Spatial Smoothing with the Network Lasso#
This guide walks through a small-area-estimation problem: we have noisy per-county survey estimates of (log) median household income across the state of Georgia and we want a smoothed map that borrows strength between neighboring counties. The natural tool is gamdist’s categorical feature with network lasso regularization on the county-adjacency graph, which adds an L1 penalty to coefficient differences along graph edges and therefore fuses neighbors to identical values rather than merely shrinking them toward each other.
By the end you will have produced a three-panel choropleth contrasting
the raw observations, the network-lasso fit, and the (simulated) ground
truth, and you will have seen how to obtain real county geometries with
a couple of lines of geopandas — no hand-curated SVG required.
Extra dependencies#
The example uses two libraries that are not runtime dependencies of gamdist itself:
geopandas for reading the county shapefile and rendering the choropleth.
libpysal for the bundled Georgia counties dataset and for building the Queen-contiguity adjacency graph.
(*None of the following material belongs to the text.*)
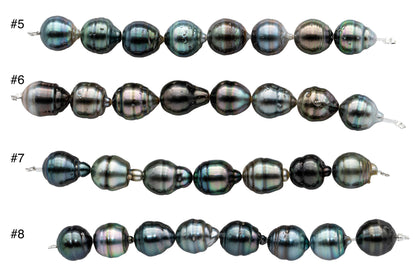Tahitian Pearl Drops or Near Round in Natural Color Dark Light Pearl Bead Strands in 4 inches, Nice Luster and Blemishes 10-11mm SKU#1098TH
Install them into your environment alongside gamdist:
pip install geopandas libpysal
The same workflow generalizes to any other shapefile or GeoJSON of geographic units — US counties from the Census TIGER/Line files, ZIP-code tabulation areas, school districts, electoral precincts, and so on. We use Georgia’s 159 counties because the geometries are bundled with libpysal and the example runs in a few seconds.
Loading the geometry#
libpysal.examples ships a small library of spatial datasets that load
without an internet round-trip. The georgia example contains a
shapefile of Georgia’s 159 counties together with 1990 socio-economic
attributes. We need only the geometries:
import geopandas as gpd
from libpysal.examples import load_example
ex = load_example('georgia')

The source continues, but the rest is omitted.